A lot however would depend on how the UNHRC vote turns out to be, and which of the smaller nations is on whose side. Sri Lanka does not count much on that score. It is shadow-boxing between the US-led West on the one side and China on the other. Sri Lanka is the victim and target at the same time. The nation can expect support from Russia too at the UN Security Council, but if it will bother garnering support for Sri Lanka in the UNHRC, like China did whenever required, is a different question.

With the US and Russia recently showing a keener interest than already in befriending the Rajapaksa-led Sri Lanka all over again, and talking about ‘military cooperation’ all over again, the question now remains which way would be pendulum swing.
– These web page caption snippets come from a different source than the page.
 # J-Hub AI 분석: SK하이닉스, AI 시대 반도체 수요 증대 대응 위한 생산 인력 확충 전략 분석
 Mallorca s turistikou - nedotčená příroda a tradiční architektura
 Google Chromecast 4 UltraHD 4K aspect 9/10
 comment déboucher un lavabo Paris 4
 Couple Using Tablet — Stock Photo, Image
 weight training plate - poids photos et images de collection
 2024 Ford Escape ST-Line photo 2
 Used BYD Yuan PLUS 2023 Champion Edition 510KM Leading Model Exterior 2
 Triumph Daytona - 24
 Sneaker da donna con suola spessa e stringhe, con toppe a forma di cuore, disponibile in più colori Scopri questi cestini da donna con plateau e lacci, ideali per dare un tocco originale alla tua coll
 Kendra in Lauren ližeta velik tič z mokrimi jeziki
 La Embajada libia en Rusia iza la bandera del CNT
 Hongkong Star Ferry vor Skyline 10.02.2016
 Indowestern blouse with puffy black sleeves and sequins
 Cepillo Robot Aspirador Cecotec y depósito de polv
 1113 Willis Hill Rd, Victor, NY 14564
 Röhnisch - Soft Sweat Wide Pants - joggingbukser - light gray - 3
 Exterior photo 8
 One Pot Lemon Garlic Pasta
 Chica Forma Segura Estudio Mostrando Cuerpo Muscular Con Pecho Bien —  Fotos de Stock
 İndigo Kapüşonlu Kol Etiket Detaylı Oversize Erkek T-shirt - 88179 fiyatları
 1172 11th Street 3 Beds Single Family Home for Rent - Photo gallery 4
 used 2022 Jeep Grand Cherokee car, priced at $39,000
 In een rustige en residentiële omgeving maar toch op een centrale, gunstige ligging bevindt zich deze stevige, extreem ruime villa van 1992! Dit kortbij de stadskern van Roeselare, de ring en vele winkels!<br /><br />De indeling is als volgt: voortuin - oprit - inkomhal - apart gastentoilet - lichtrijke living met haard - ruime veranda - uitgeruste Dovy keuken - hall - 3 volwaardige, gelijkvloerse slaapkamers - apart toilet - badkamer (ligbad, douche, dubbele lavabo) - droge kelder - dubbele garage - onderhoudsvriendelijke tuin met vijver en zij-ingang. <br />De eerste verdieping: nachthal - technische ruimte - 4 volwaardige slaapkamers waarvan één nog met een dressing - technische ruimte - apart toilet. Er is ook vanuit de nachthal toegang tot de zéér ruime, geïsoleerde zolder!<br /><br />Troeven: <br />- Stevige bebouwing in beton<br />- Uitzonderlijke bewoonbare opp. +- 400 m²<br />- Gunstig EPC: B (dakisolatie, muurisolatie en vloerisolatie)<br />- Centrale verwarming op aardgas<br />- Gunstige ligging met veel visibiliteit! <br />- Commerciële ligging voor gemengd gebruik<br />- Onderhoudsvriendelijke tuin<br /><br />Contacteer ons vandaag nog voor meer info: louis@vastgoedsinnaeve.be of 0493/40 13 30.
Or, will the pendulum swing at all, if the West is convinced that the Rajapaksas are China-centric and China was Rajapaksas-centric on matters Sri Lanka?

If the Silva affair is any indication, it only implies that the Rajapaksas in Colombo might not have acted/reacted favourably to inherited US propositions on SOFA and MCC. The previous government, especially the Wickremesinghe-led UNP constituent, had agreed to in principle and was also campaigning for the same within the country – at times even more than for their presidential candidate, Sajith Premadasa. He lost the elections.

[title]Wrong timing…[/title]

Clearly, the US might have chosen a wrong time for wooing the Rajapaksas. Nothing would have moved in their favour especially ahead of the upcoming parliamentary polls and those to the nine provincial councils, afterwards. That is to say, nothing much could have been done to ACSA and MCC, even assuming that the Rajapaksas had come round.

There is even otherwise no question of the Sri Lankan State structures agreeing to ACSA. For the individual soldier in its ranks, letting ‘foreign boots’ even of friendly nations set foot on Sri Lankan soil, or waters, and on a near-permanent basis is a no-no after their ‘historic win’ over the LTTE with the nation’s limited non-human resources.

As ‘Sinhala-Buddhist nationalists’, hard-liners or not, the Rajapaksas would have found it difficult to convince themselves first, their ranks and the large segment of the ilk, outside of their SLPP-led combine. If the world believed that the Rajapaksas had only a large ‘Sinhala-Buddhist constituency’, the US was now asking them to hurt it in every which way. That’s not on, and not only with the Rajapaksas.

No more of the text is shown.